Requirement:
The data that follows is to be copied exactly, with each image removed.

Raw data:
=-=-=
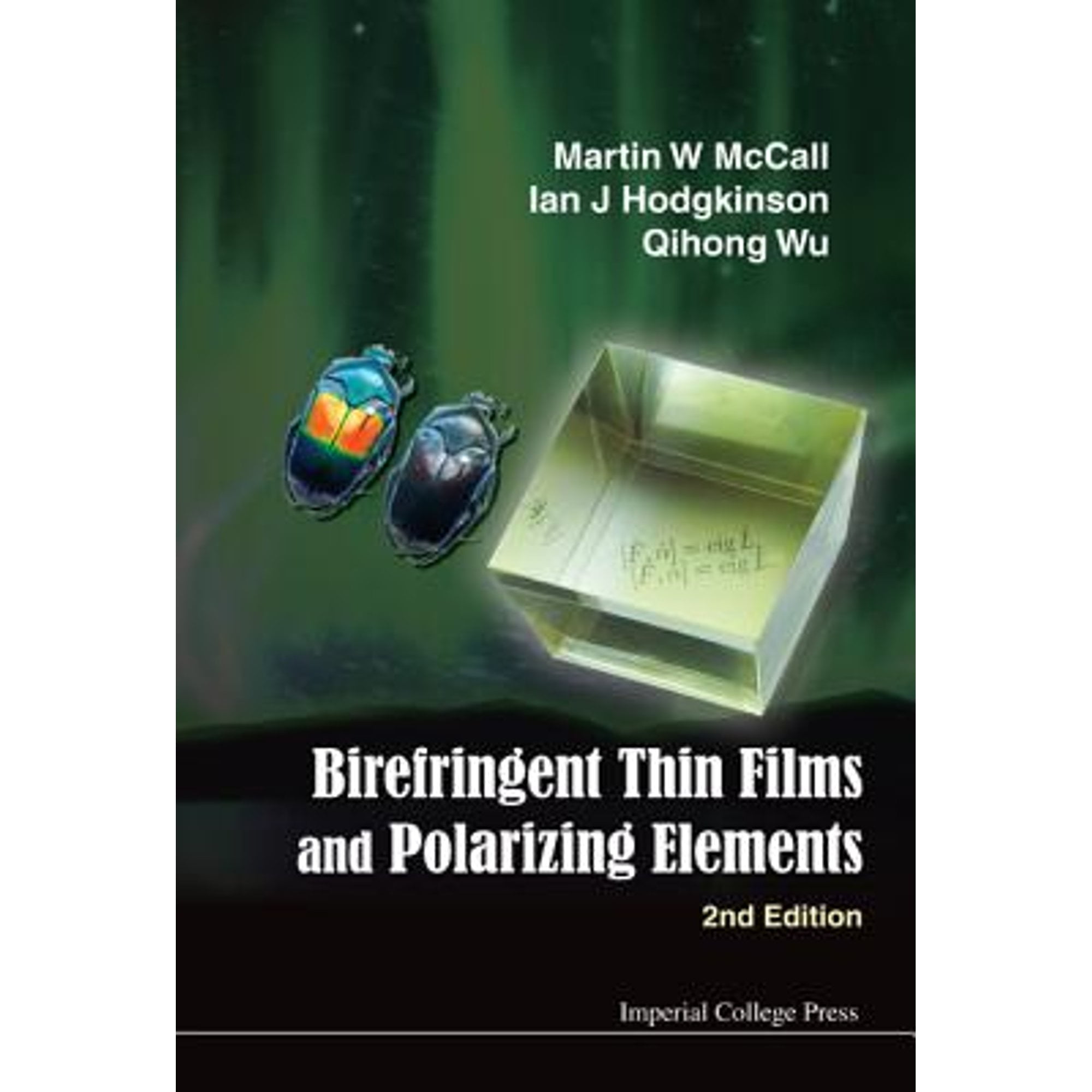 Pre-Owned Birefringent Thin Films and Polarizing Elements (2nd Edition) (Hardcover) by Martin W McCall, Ian J Hodgkinson, Qihong Wu
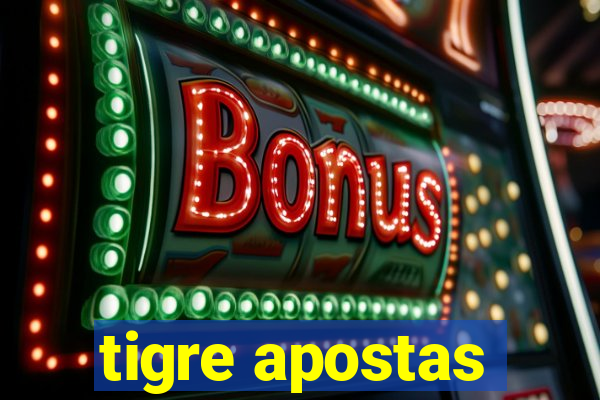 tigre apostas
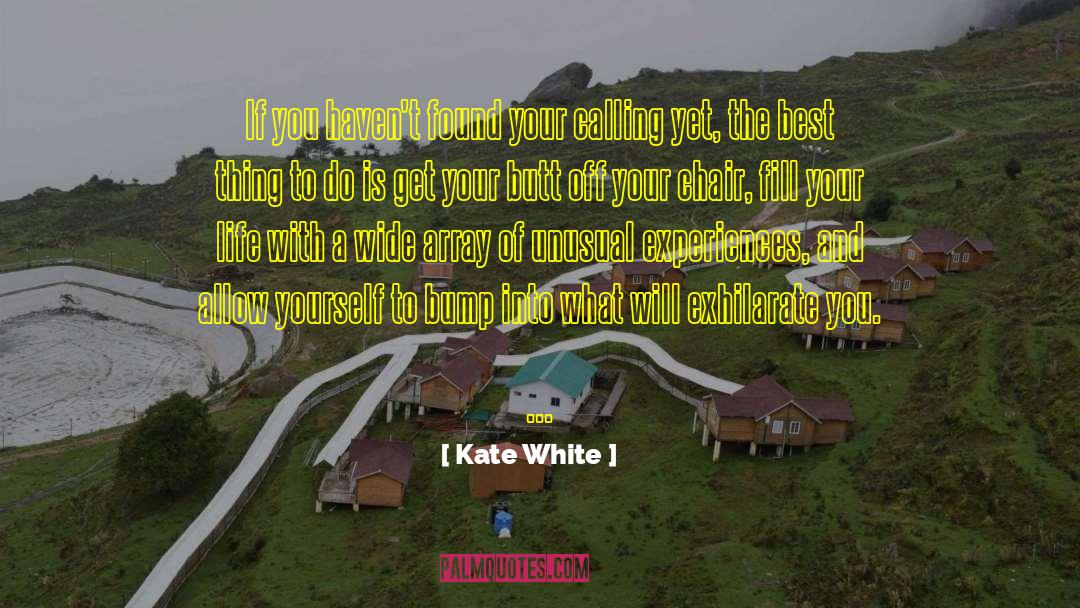 How To Fill Your Life With Love quotes by Kate White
=-=-=
Response to the task:
 Pre-Owned Birefringent Thin Films and Polarizing Elements (2nd Edition) (Hardcover) by Martin W McCall, Ian J Hodgkinson, Qihong Wu
 tigre apostas
 How To Fill Your Life With Love quotes by Kate White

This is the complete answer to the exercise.